As I sobered up after a small nap and after a small period of time, my allegiance toward Europe and the promises I had splurted at a mirror I had mistaken for my own face, now moist with spittle, had somewhat waned. My unshakable hatred toward the wind-power couple – Murray and Murray wife – had now settled into amused bemusement. My anger towards the audience was now little more than a mild vexation – a mere frustration, a puzzling perturberance – nothing more, nothing less. And probably not even that. And the words ‘Ostapenko’ and ‘Konta’ suddenly evoked within me as much emotion as the words ‘limestone’ and ‘velcro’ do. The episode was finally over: I had drunk myself into contention and slept it off.  The match finished, Ostapenko having lost, and I was at peace. As an 18-24 year old educated to master’s degree level I am naturally quite accustomed to failure, and tennis. I lost in 2010. I lost in Brexit. I lost in 2015. I lost against Konta. As indeed we all did. But I did not lose Andy Murray. That’s right – I won the Independence referendum.

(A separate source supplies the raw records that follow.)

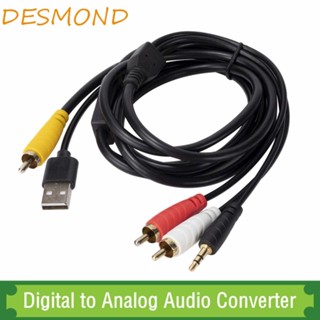 Desmond สายเคเบิลโคแอ็กเชียล เป็นอะนาล็อก SPDIF SPDIF เป็น RCA L/R RCA 3.5 มม. AUX PVC 5Gbps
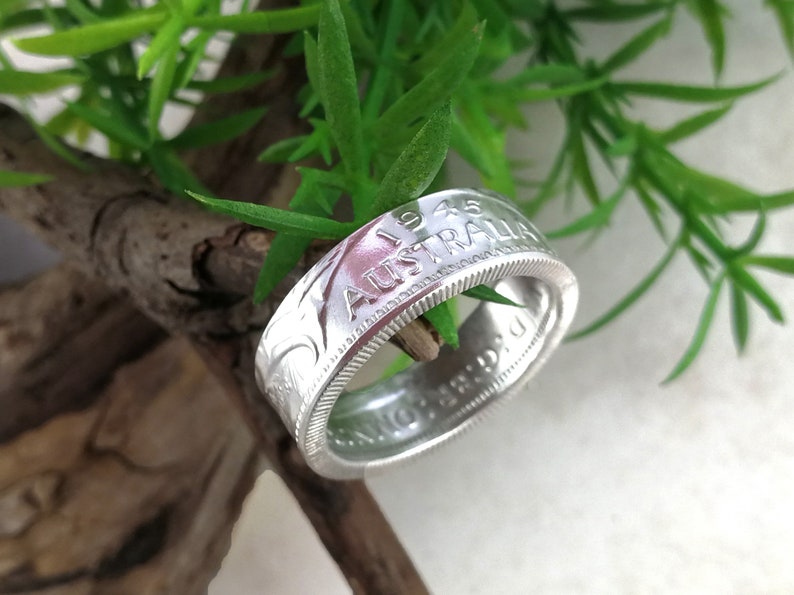 Wattle Emu Thumb Ring Men or Women Sterling Silver COIN RING Australian 1945 Florin Custom Size. Kangaroo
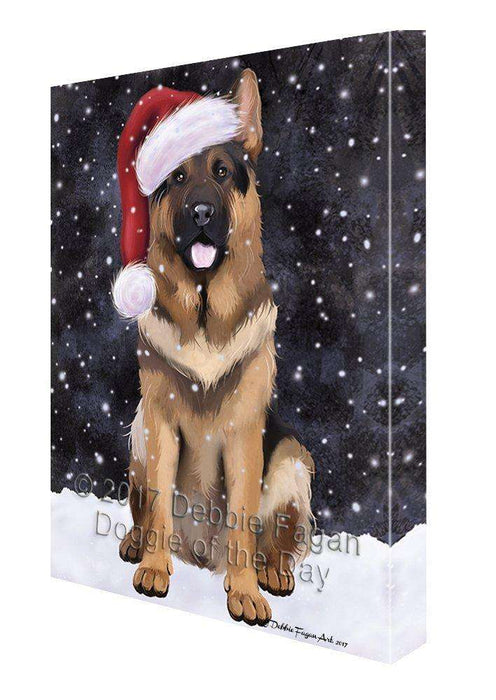 Let it Snow Christmas Holiday German Shepherds Dog Wearing Santa Hat Canvas Wall Art D232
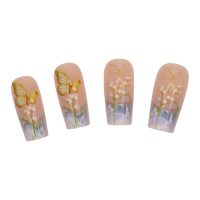 NA1003 24 PIECE CLEAR/GOLD BUTTERFLIES STICK ON NAILS W/STICKY DOTS AND NAIL FILE – PACKED IN A HANGSELL BOX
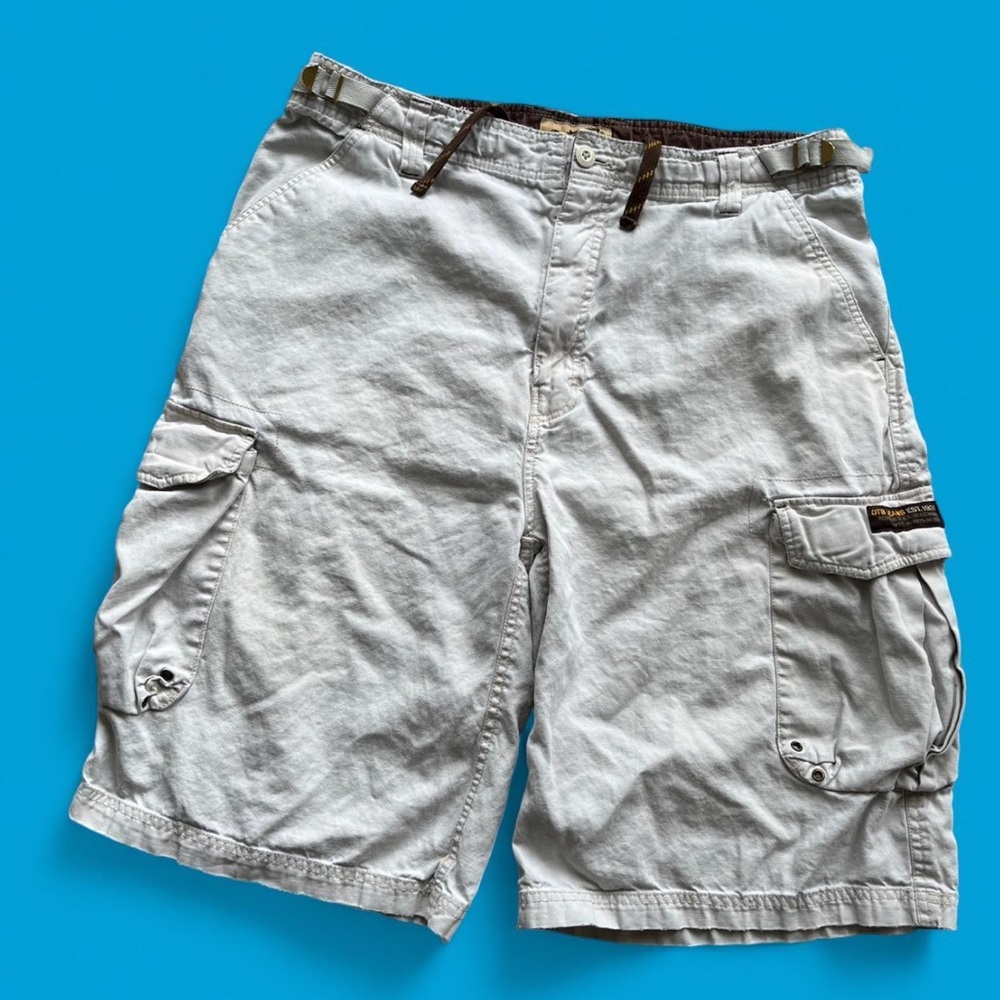 OTB Y2K Cream Skater Baggy Cargo Shorts Mens 38x12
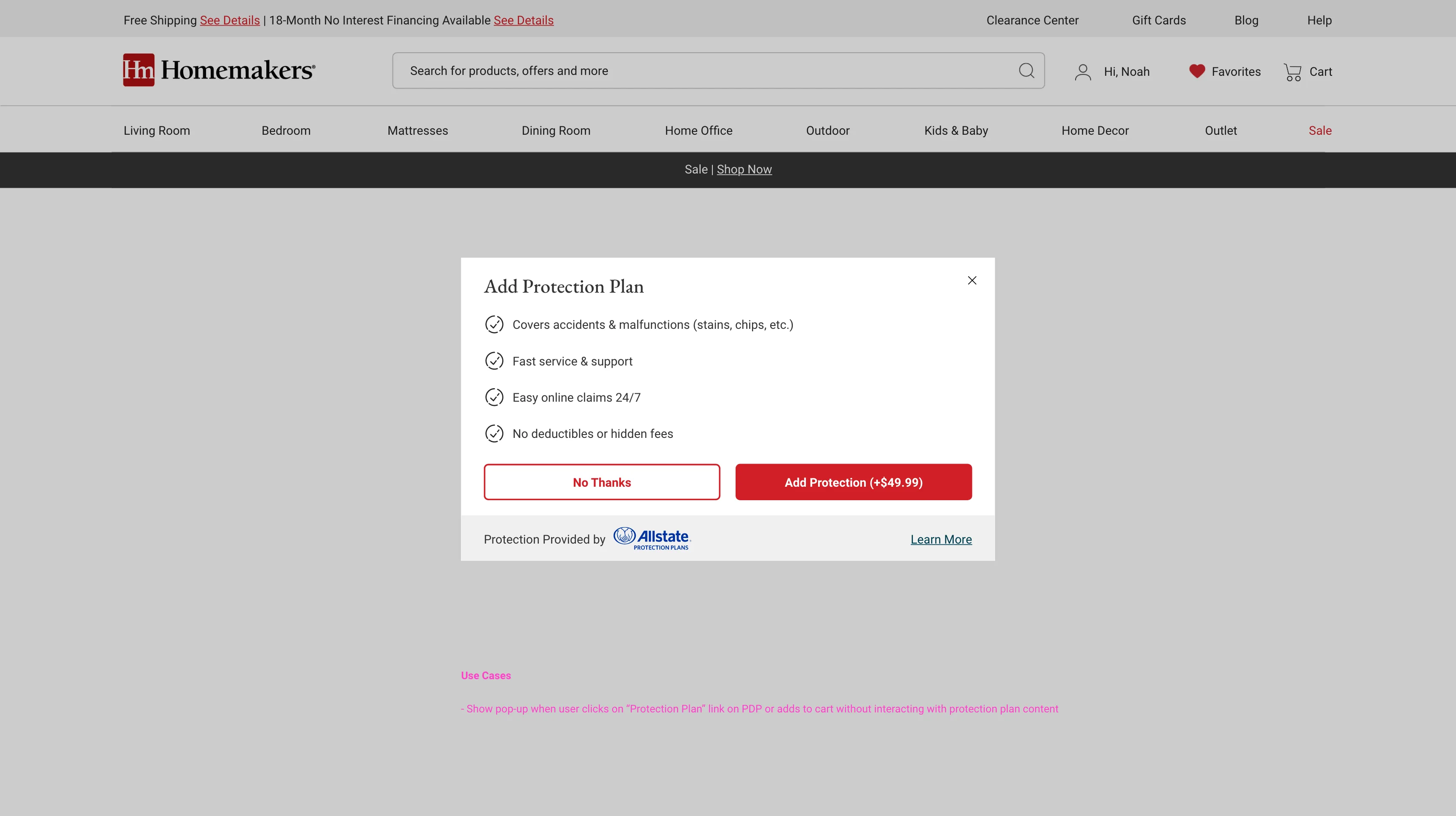 Desktop Add Protection Plan interstitial modal for a single item after Add to Cart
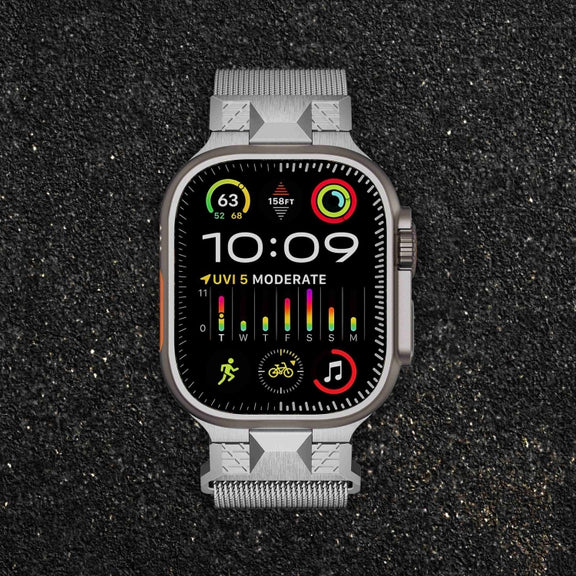 For Apple Watch Ultra 2 49mm Mecha Style Milanese Metal Watch Band(Titanium Silver)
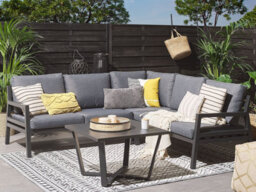 Beliani Garden Corner Sofa With Table 5 Seater Vizzini Metal Grey - thumbnail 2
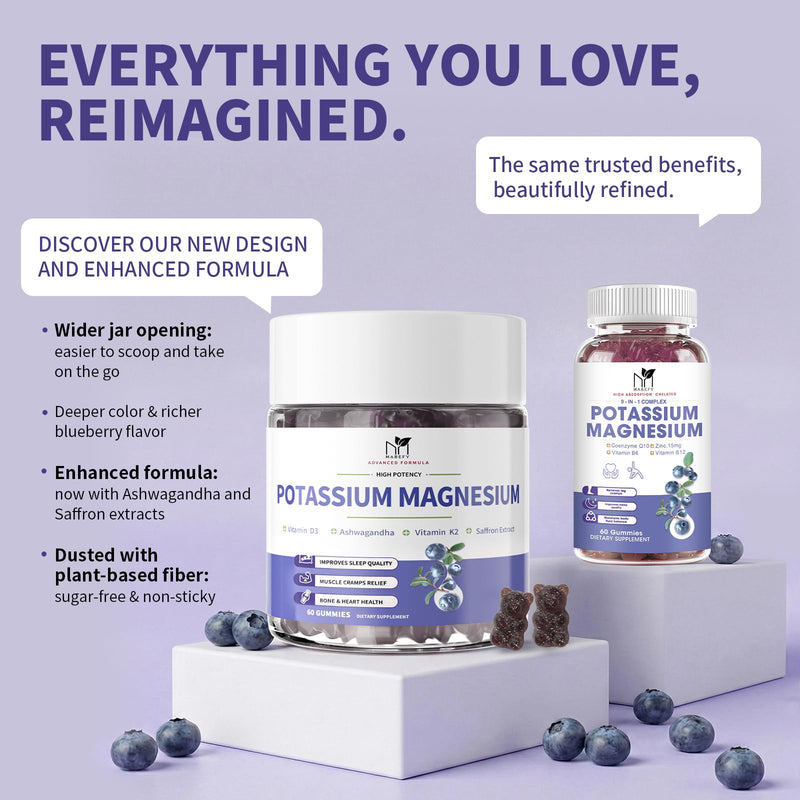 Potassium Magnesium Gummies Magnesium Glycinate 500mg for Sleep 2 Pack | Leg Cramps, With Calcium Zinc Vitamins, Sugar Free, Chewable Supplement, Support Healthy Muscle Relaxation for Daily Wellness Blueberry 60 Count (Pack of 2)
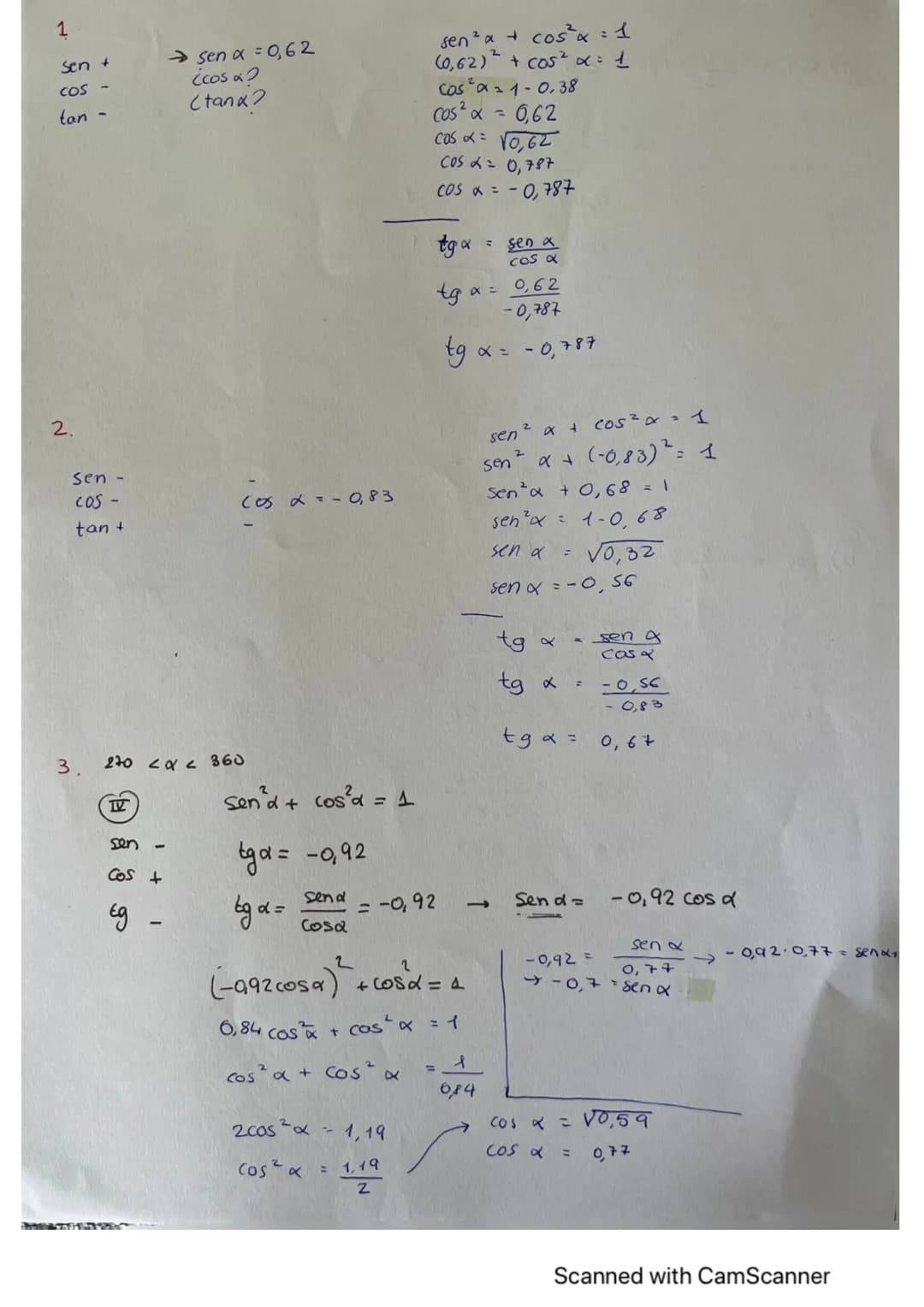 
<p>The provided text contains a mix of trigonometric terms and calculations that seem to be incomplete and unorganized. It appears to be a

Which is to say I didn’t lose it. Murray’s ours, for now at least. But we should be prepared. For we shall lose him. And that’s why we need, now, a man like Joe Konta, to step into his red, blue and white sneakers (except at Wimbledon where they’re not allowed) should he no longer need them. Because Murray won’t be here forever. Look at that stony-faced expression, gazing outward in press conferences waiting for his questions to be translated, desperate to think of nothing. Desperate not to be there. There is more in that glazed expression than Murray could express in a million words. Look at him. Dare to countenance him. 
Murray himself has begun to lose Murray. And losing is not an option.